2 A Short Description of “Liquid Wood”

“Liquid wood” is a relatively new polymeric biocomposite material, initially developed by a German company, Tecnaro GmbH. The “composite” aspect means that it has a matrix which holds together the reinforcement. In the case of “liquid wood”, the matrix is made of lignin (a naturally – occurring substance that lends strength to plants) and the reinforcement is made of various natural fibers (hemp, flax, straw – depending on the recipe). The “polymeric” aspect of this product is not a reference to plastics, but rather to the material’s behavior, which is akin to thermoplastics – it is possible to inject it and mold it into various objects. Finally, the “bio” aspect of the product is a result of the constituent materials present in “liquid wood”. Depending on the presentation form (or recipe), it can be up to 100% biodegradable. Sustainability is ensured thanks to the fact that its constituents are naturally – sourced and can be obtained from renewable resources and the manufacturing procedure has a low environment impact (according to the manufacturer).
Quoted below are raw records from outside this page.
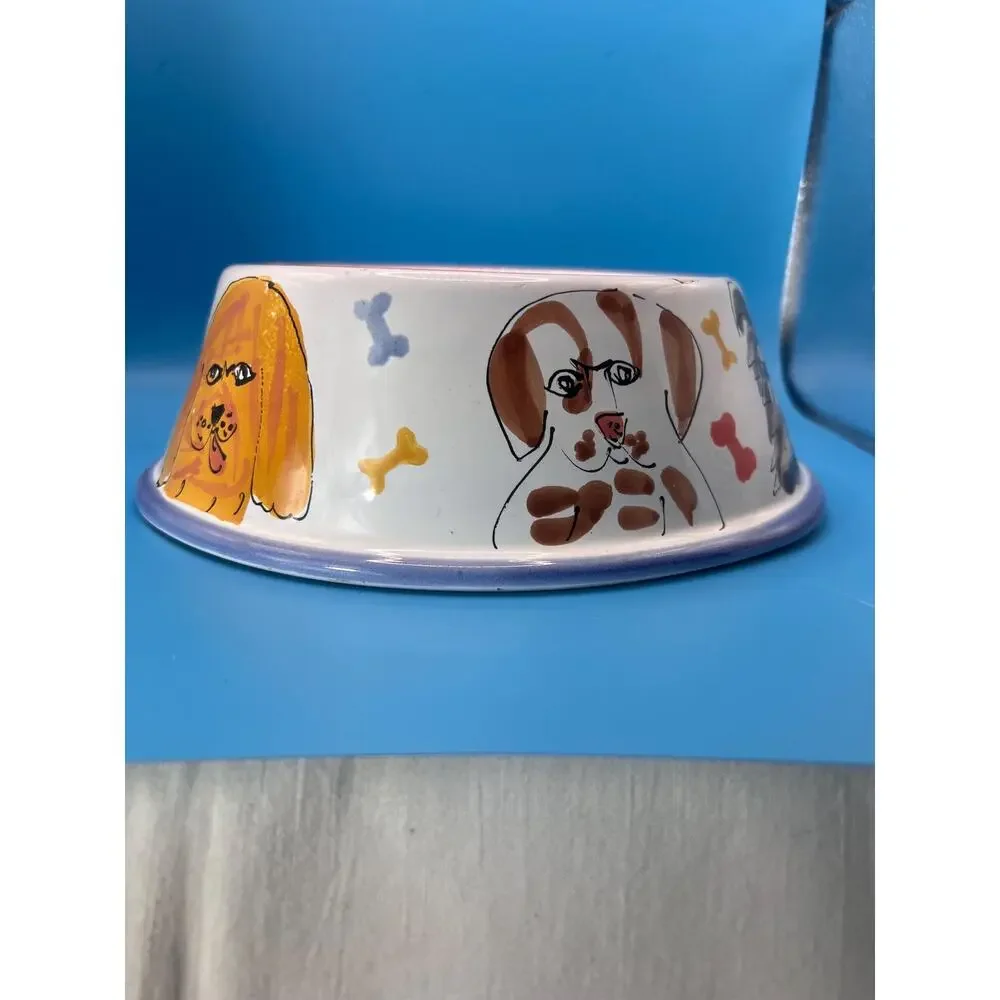 Mesa International Hand Crafted Pottery Pet Food Bowl~Water Bowl~Dog Bone~Signed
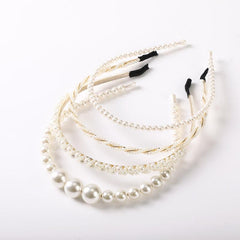 4PCS Faux Pearl Headbands for Women Rhinestones Hair Hoop Wedding Accessorie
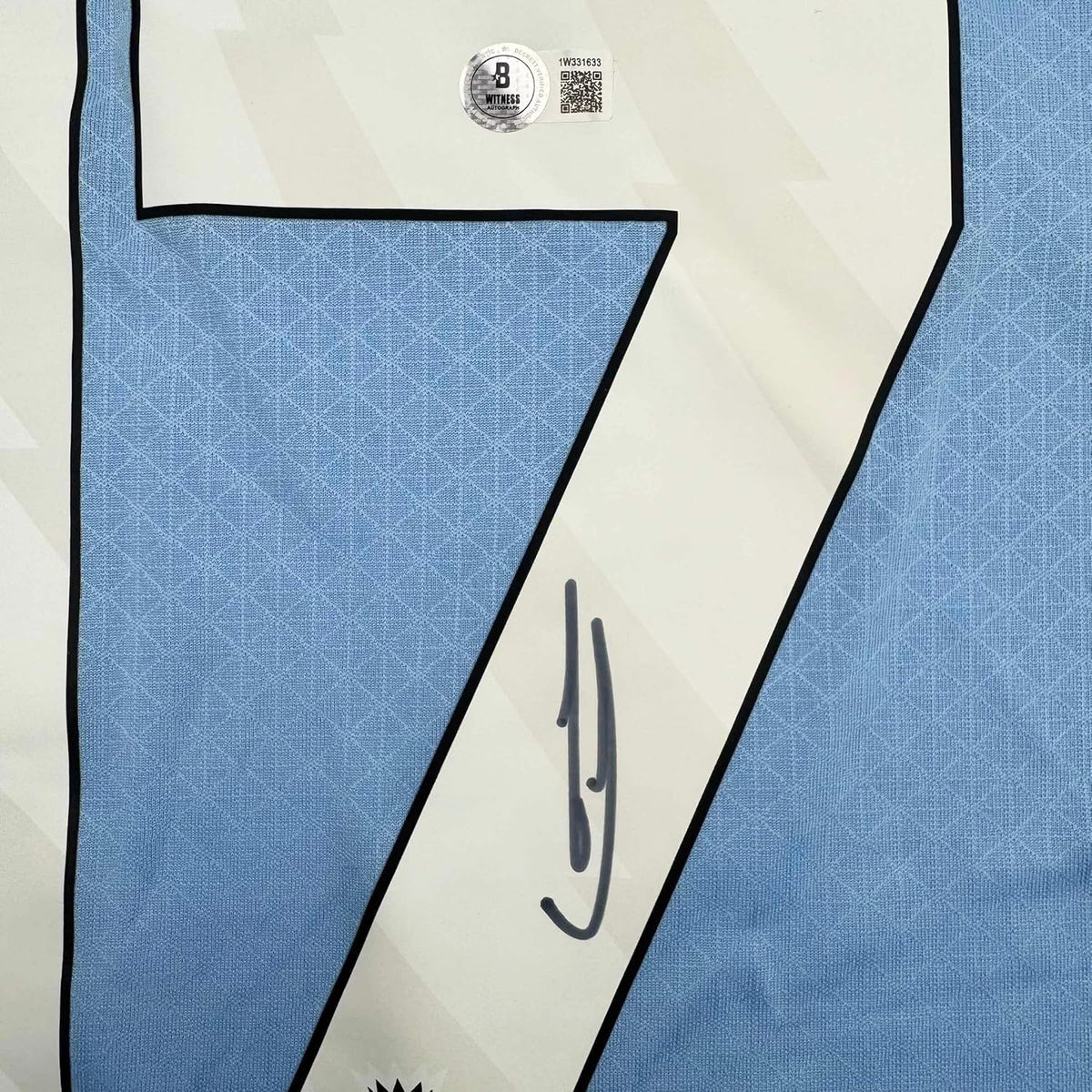 Framed Autographed/Signed Kevin De Bruyne 35x39 Manchester City Blue Soccer Futbol Jersey Beckett BAS COA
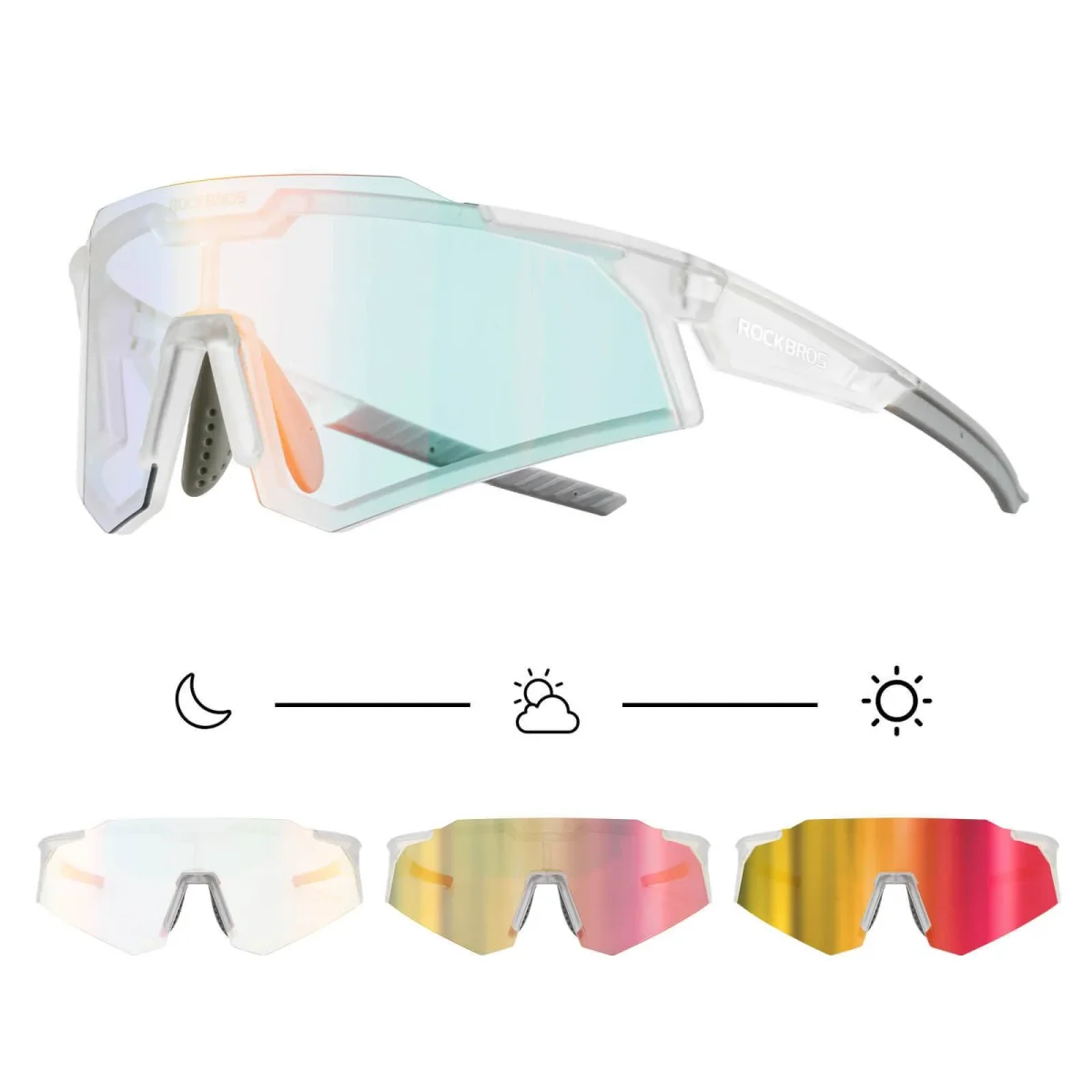 Lunettes de soleil, lunettes de cyclisme, verres teintés, pour l'extérieur, protection UV400, ROCKBROS – Image 8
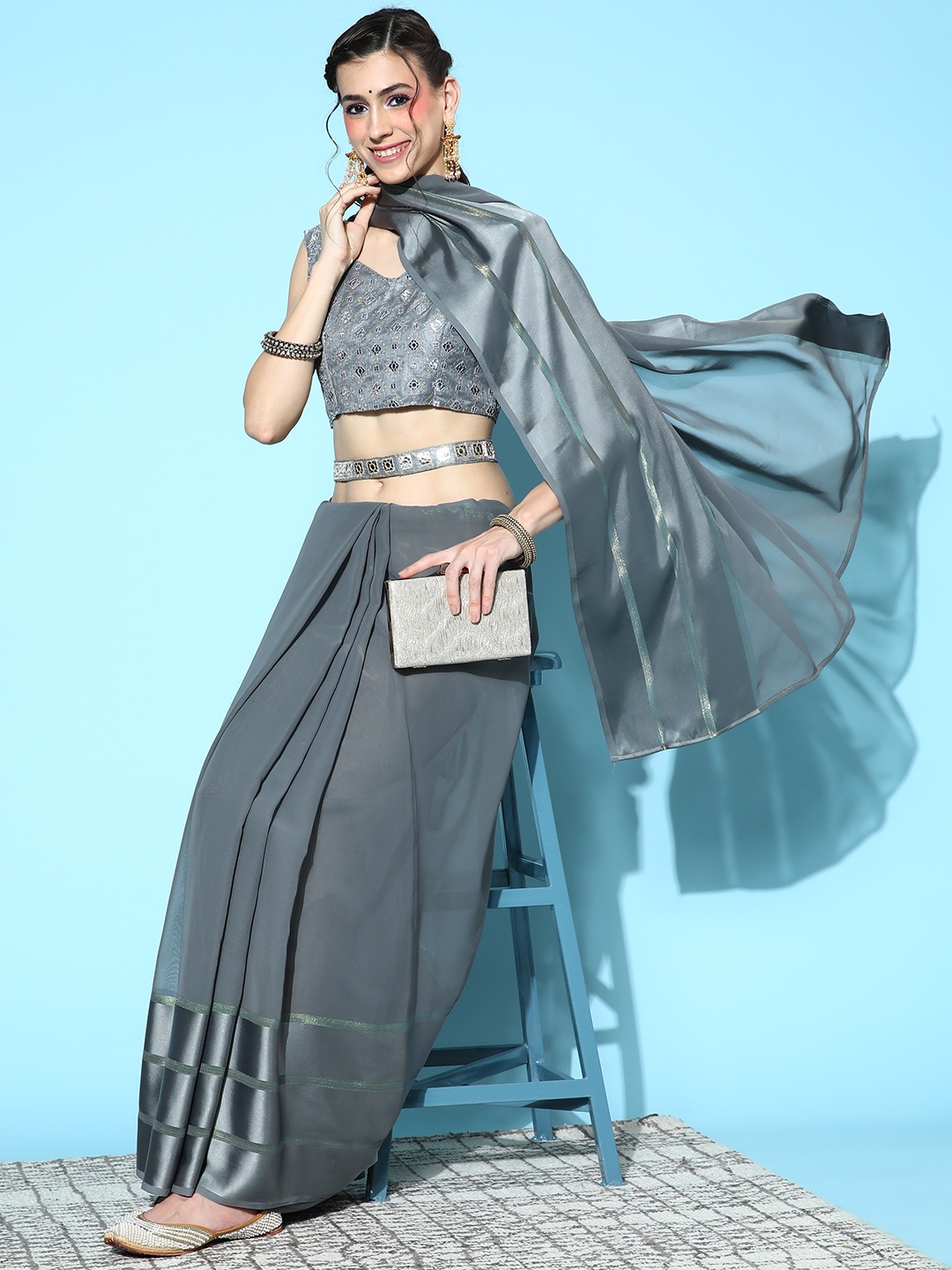 

Mitera Grey Solid Saree with Belt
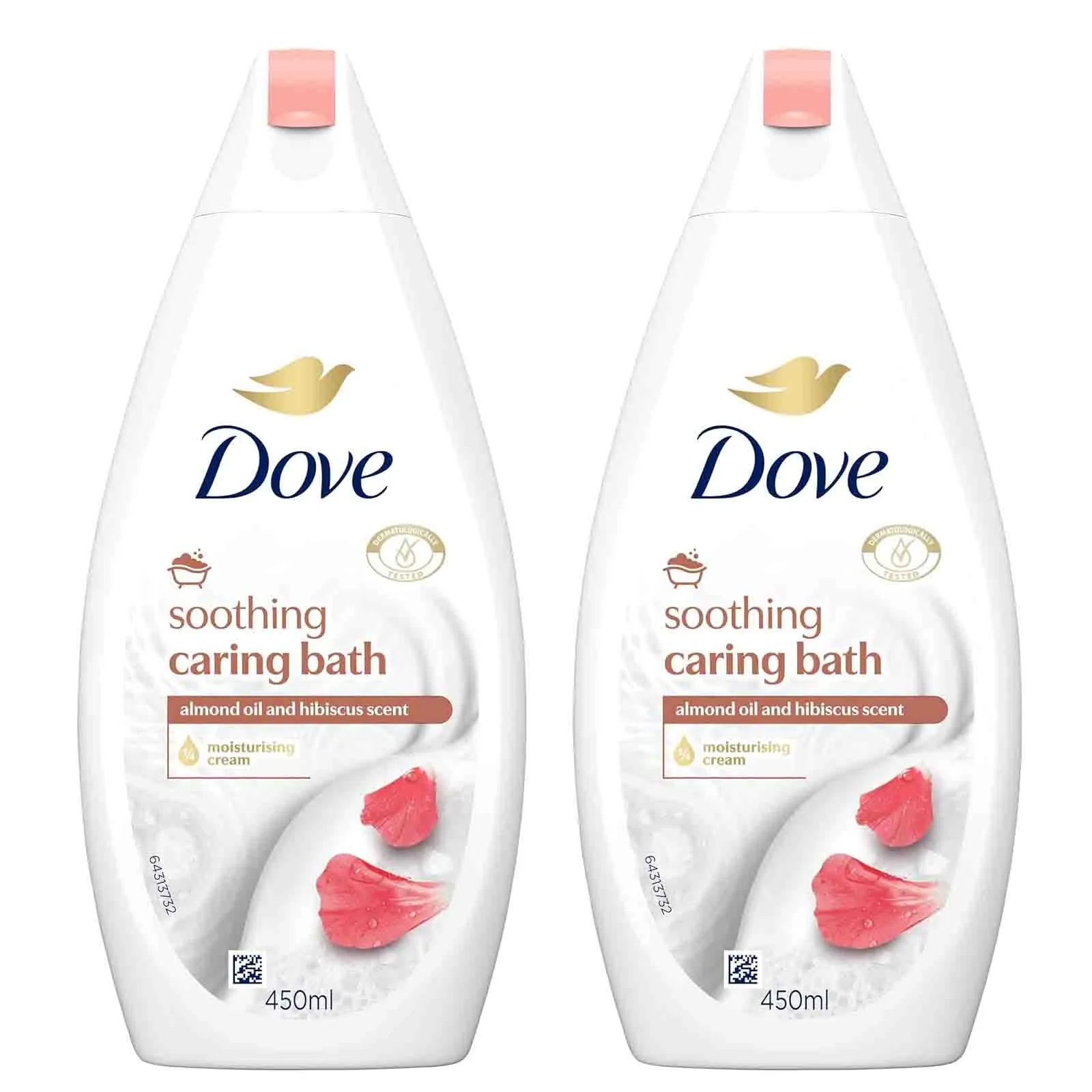BODY WASH SOOTHING CARING BATH ALMOND OIL AND HIBISCUS DOVE ( 2 X 450 ML )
As such, “liquid wood” appears to be a good candidate for a modern, sustainable material with a good range of applications.

3 “Liquid Wood” Injection – Material and Technology

Everything written in the previous chapter holds true on a still mostly theoretical level. To make sure that “liquid wood” is a valid material for the construction industry, there is only one way to do that – laboratory testing. Because “liquid wood” has, as stated by the producer, the same processing characteristics as thermoplastics (Tecnaro GmbH 2019), Arbofill and Arboblend material was injected into dumbbell shapes (according with technological sheets provided by the manufacturer) and then it was tested to tension.

Characteristics of dumbbell shapes: L = 150 mm; T = 4 mm; W = 8 mm; M = 8–10 g.

Following the installation of tensiometric marks (red color in Fig. 1), the samples were installed and tested up to failure, one by one, in the tension press (Figs. 2 and 3).

Fig. 1.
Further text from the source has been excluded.